Dakota takes her time to reply. She takes a pack of chewing gum out of her bag and pops one into her mouth. She gestures for me to help myself to one, but I shake my head.

Blowing and popping bubbles, she says nothing until we enter the copy center, and I get a machine. She hands me her notes, written in a tight, barely legible script, and leans back against another machine, watching me.

“I’m not pissed with you,” she finally declares.

“Really.” Because the way she’d asked the question earlier could have fooled me. “You’re friends with Ash.”

“No. With Audrey.”

I wince. “Right.”

She shrugs and picks at her sleeve. “I barely know Asher. He seems like a decent guy. And I barely know you. I thought, I don’t know. Maybe you had your reasons for what you did.”

“Maybe.” Bad reasons, all of them.

“We all have our reasons for what we do,” she says, and it sounds somehow ominous.

“Like your reasons for helping me out now?” I don’t mean it seriously, but her blue eyes narrow and she shifts from foot to foot.

Oh, I see. She isn’t doing this out of the goodness of her heart. Why should it surprise me? I go on copying the notes, waiting for her to say her piece.

“You, um.” She gives me a sidelong look. “You’re good friends with Zane.”

It’s not a question, so I wait some more. I finish up, gather her notes and hand them back to her.

“Do you think you could get a word in for me?”

“To Zane?”

“Yeah. I’ve tried and tried, but he just won’t do it.” She throws her hands into the air, her eyes flashing with frustration.

“Do what? Go out with you?”

Her face flushes. It’s a slow process, pink and then red spreading from the roots of her hair and her neck up to color her cheeks. “For a tattoo.”

I pause and let this sink in. “You want me to put a word in for Zane to ink you?”

“Yes!” She jumps up and down. “He knows the tattoo I want, and only he can do it. But he won’t.”

“You’ve already asked him, then. And he said no.”

She calms down and nods.

“Maybe he has his reasons, too.”

She flinches. “Maybe he’s mistaken.” She lifts her chin.

Her meaning is clear. It’s a challenge. She thinks Zane is mistaken, like I was. She wants me to fix one wrong to balance another.

Or maybe I’m the one seeing it as a challenge. Make this right, if you think you can, Erin. Go on. Do your best.

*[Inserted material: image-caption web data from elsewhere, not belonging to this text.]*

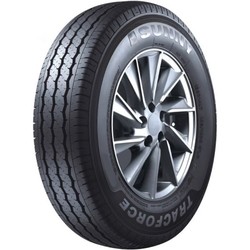 Sunny NL106 205/70 R15C 104R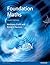 Foundation Maths 6e PDF eBook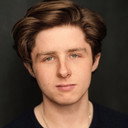 Christian Stevens, Writer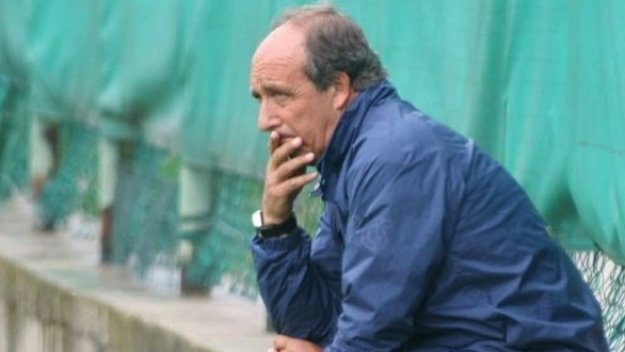 Рома и Юве нямат сили за топ-четири на Серия "А"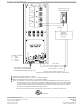 Crestron CNLDAB-4A Datasheet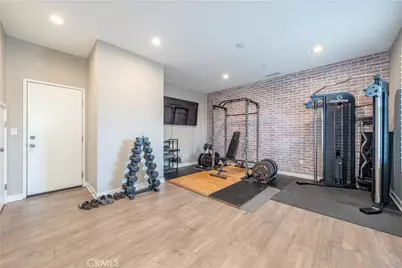 8036 Ackerman, Buena Park, CA 90621 - Photo 32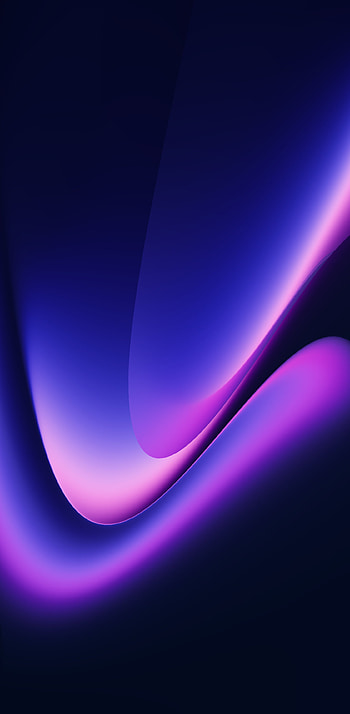 Cool, magenta, art HD phone wallpaper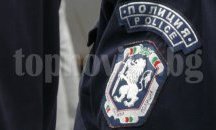 Разбиха и обраха спортния клуб „Херкулес” в Исперих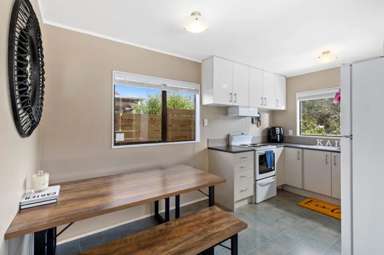 1/111 Spinella Drive_4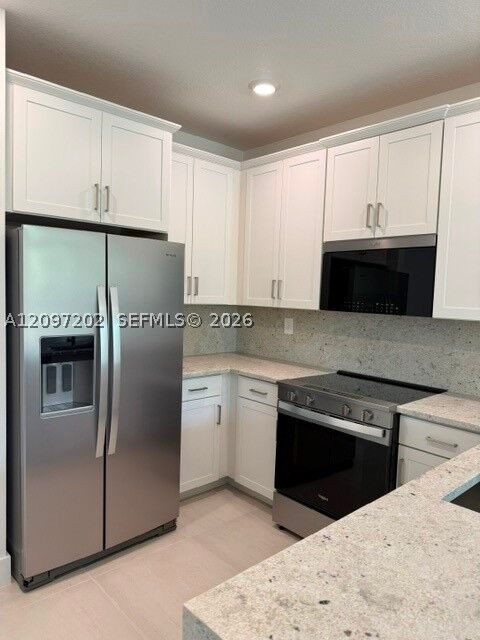 Property Photo:  7263 SW 46 St  FL 33314 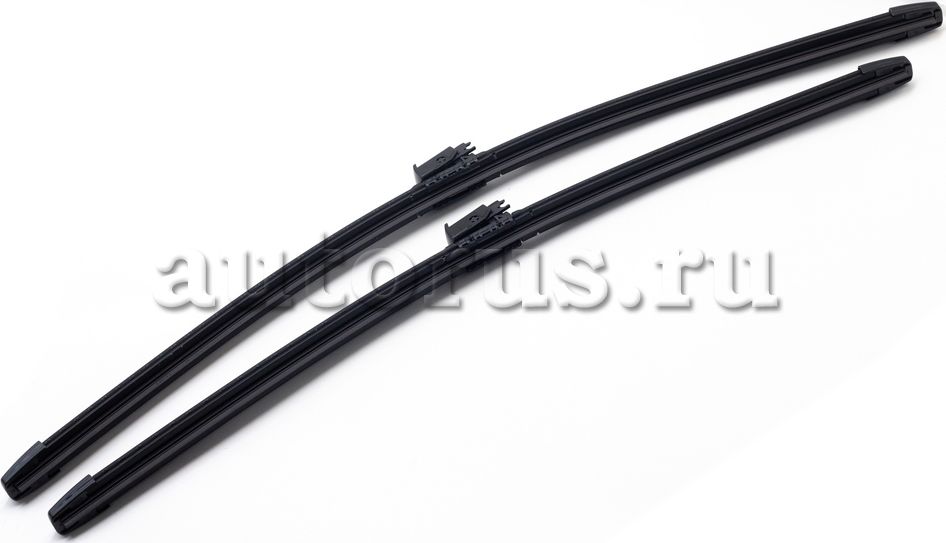 Щетки стеклоочистителя (дворники) Mercedes-Benz. Артикул A1668207800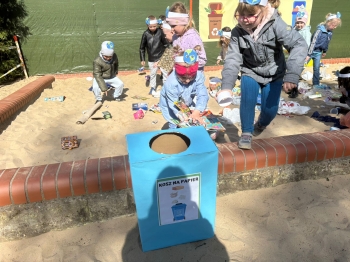 WhatsApp Image 2026-04-22 at C.jpeg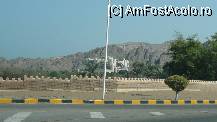[P26] Cel mai mare hotel din Muscat » foto by irinagh
 - 
<span class="allrVoted glyphicon glyphicon-heart hidden" id="av128450"></span>
<a class="m-l-10 hidden" id="sv128450" onclick="voting_Foto_DelVot(,128450,3254)" role="button">șterge vot <span class="glyphicon glyphicon-remove"></span></a>
<a id="v9128450" class=" c-red"  onclick="voting_Foto_SetVot(128450)" role="button"><span class="glyphicon glyphicon-heart-empty"></span> <b>LIKE</b> = Votează poza</a> <img class="hidden"  id="f128450W9" src="/imagini/loader.gif" border="0" /><span class="AjErrMes hidden" id="e128450ErM"></span>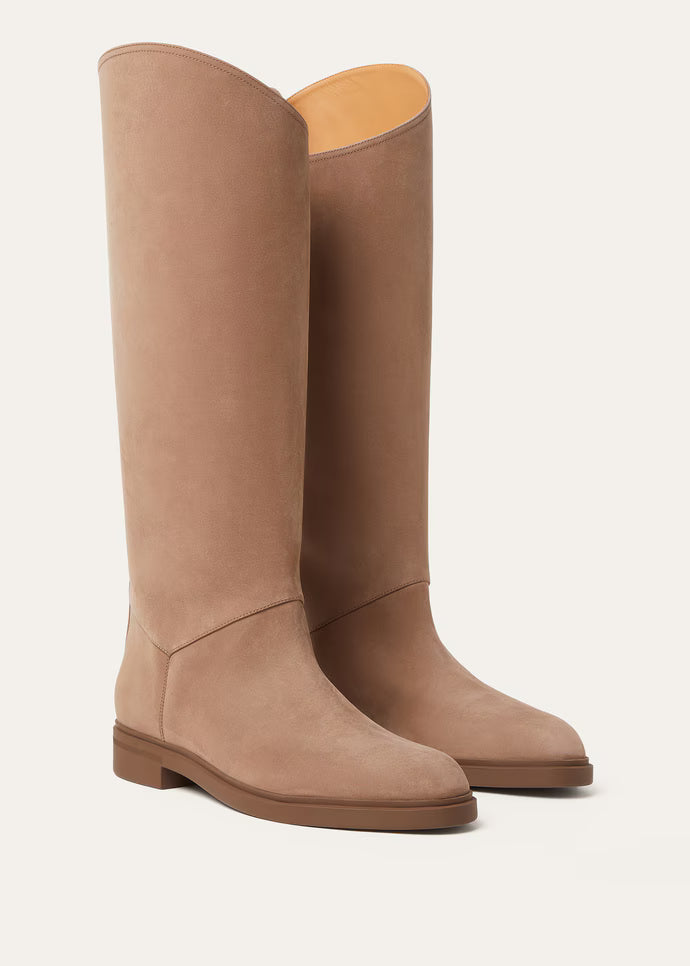 09 | Women Boots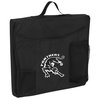 View Image 1 of 2 of Game Day Seat Cushion-Closeouts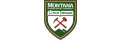 Montana Tech - Undergraduate Programs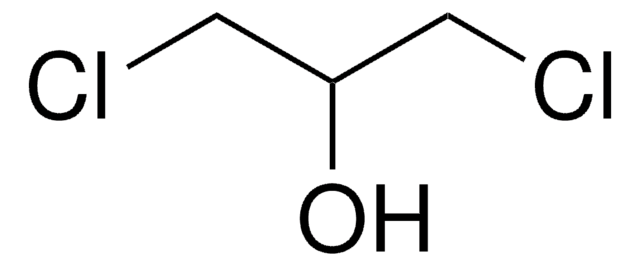 1,3-Dichlor-2-propanol 97%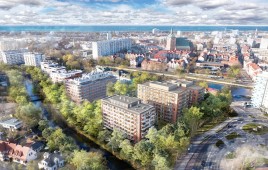 Wyspa Solna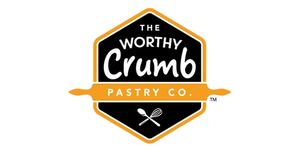 The Worthy Crumb Pastry Co.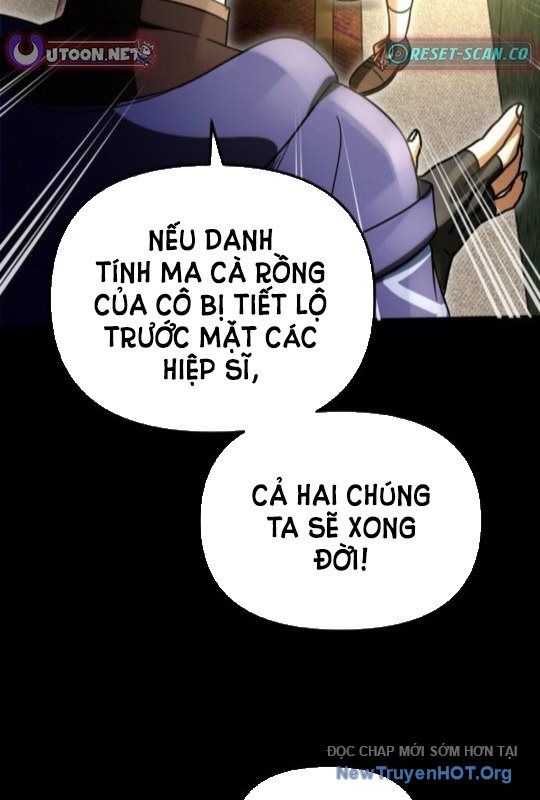 Vampire Giả Kim Thuật Sư Chapter 9 - Trang 2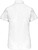 Camisa de senhora manga curta em Oxford tratamento fácil K536 - imagem 2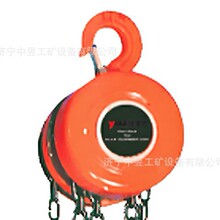 ���Ź��V�����������J�����ה��RȫЧ�ʸ��|�����ϰl؛���r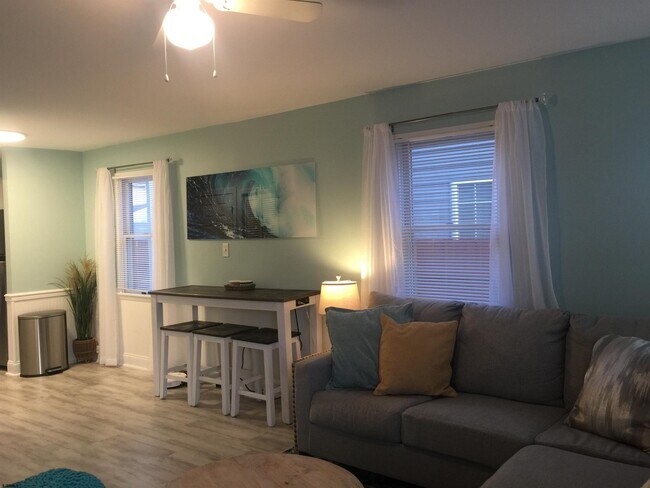 Foto del edificio - 205 3rd St S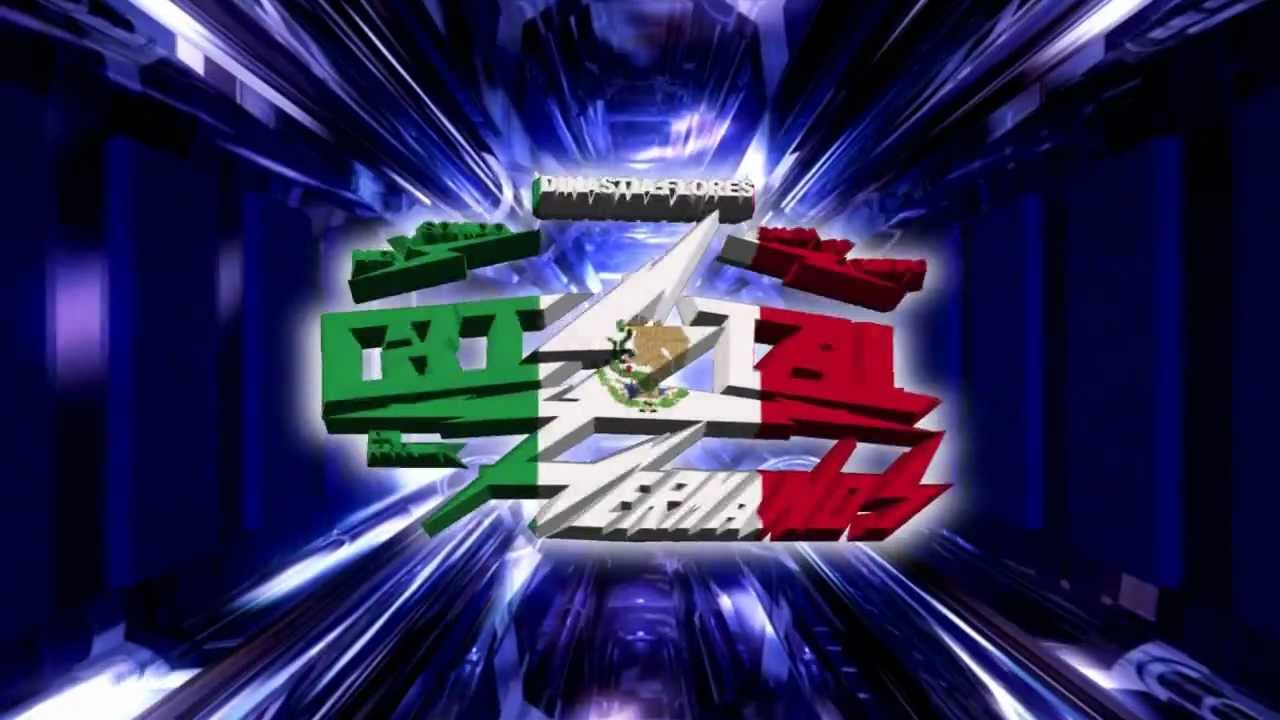 POBRE NI&Ntilde;A RICA LA NUEVA VERCION 2011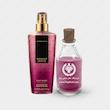 عطر ویکتوریا سکرت میدنایت اگزاتیکس دیپ بری - Victoria’s Secret Midnight Exotics Deep Berry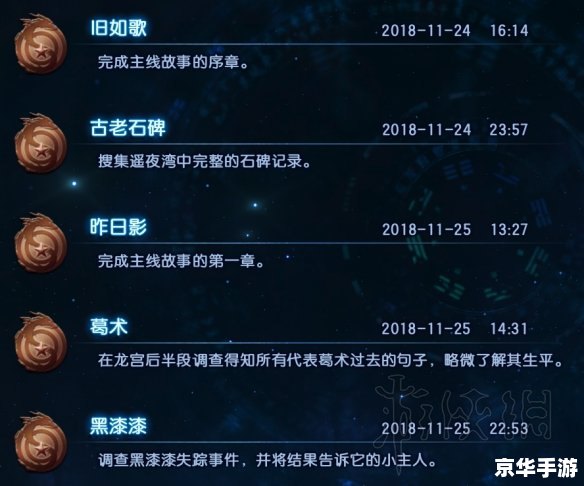 古剑奇谭1.69修改器——探索与战斗的终极工具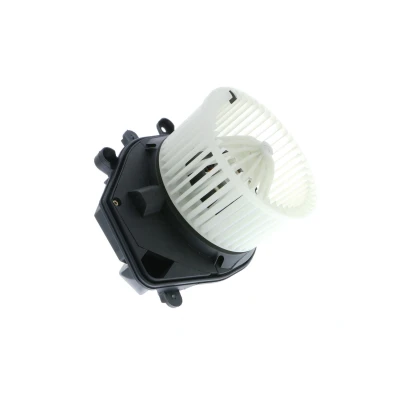 Bild av VEMO Original Quality V15 03 1890 Pulseur d&#039;Air VOLKSWAGEN: Passat B5 GP Break, Berline, AUDI: A4 Berline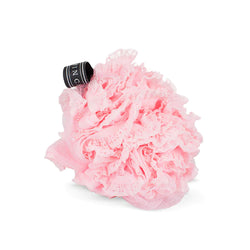 Finchberry Lacey Loofah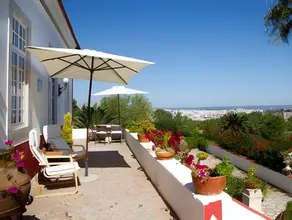Quinta de Sao Filipe - Image 2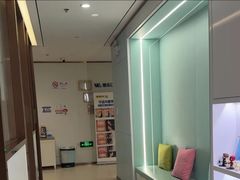 -维乐口腔·埃齐门诊(静安店)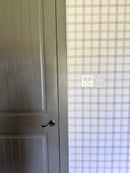 Liam Wallpaper by Kourtni Gunn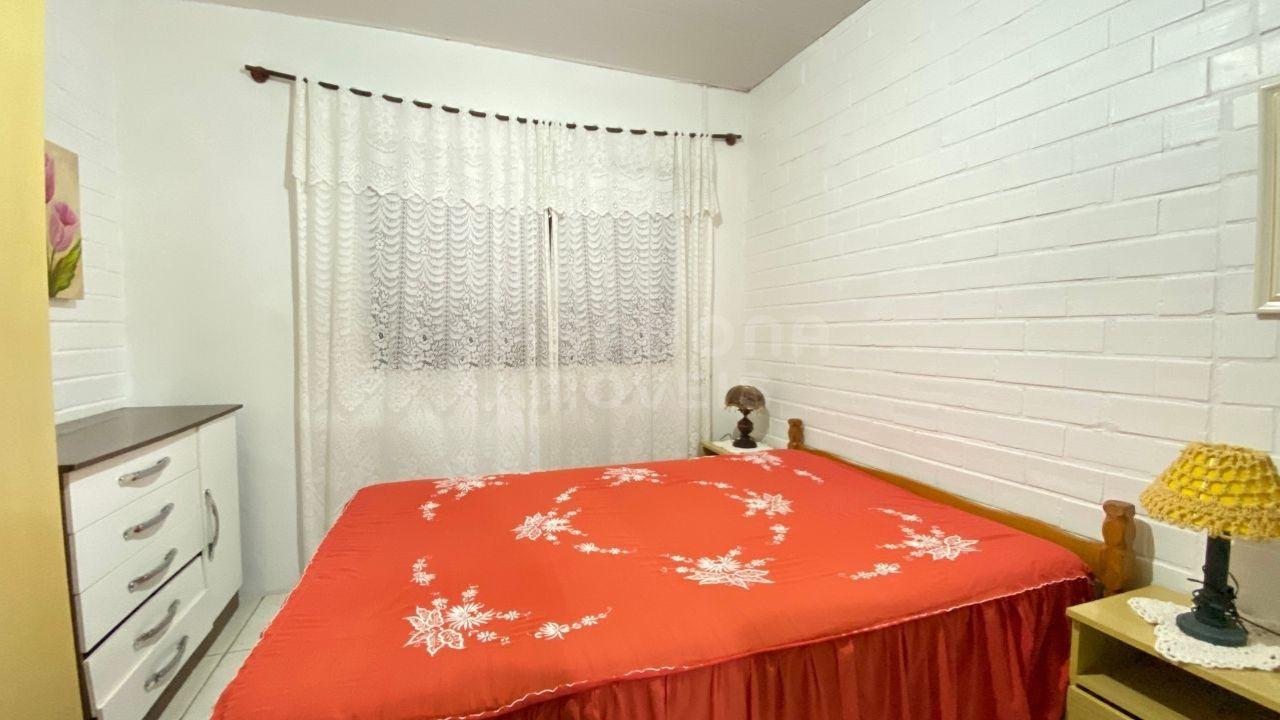 Oportunidade Residencial em Areias Brancas, Arroio do Sal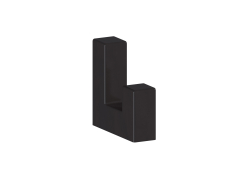 Настенные, Крючок №115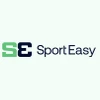 SportEasy-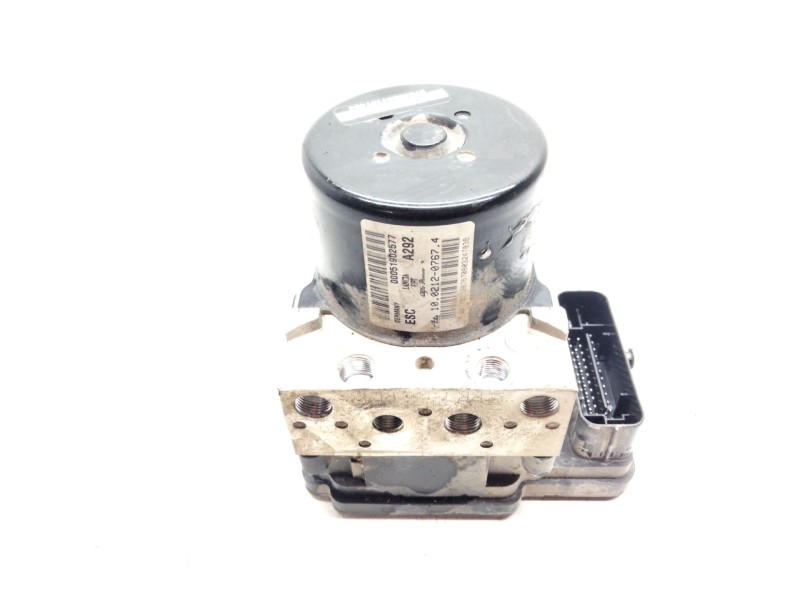Recambio de abs para fiat doblo cargo (263_) 1.6 d multijet referencia OEM IAM 00051902577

I huff a sigh. This is crazy thinking.

Stuffing the photocopies into my bag, I head toward the door. “I’ll see what I can do.”

***

On my way to my car, I almost plow into someone. A high-pitched squeal alerts me to the fact it’s a girl, and then I get another clue when she says, “Hey, Erin! How was your weekend?”

Tessa. She’s dressed smart, as always, in a designer gray dress and high black boots, a fine charcoal woolen coat wrapped around her. “Fine. Came back this morning.”

“Jax okay?”

“He’s fine.”

“Needed you to hold his hand again? Have you told him he acts like a three-year-old?” Tessa snickers. “Men. Always so childish.”

I say nothing to that, and she grabs my arm and drags me away from the parking lot, toward one of the campus cafes.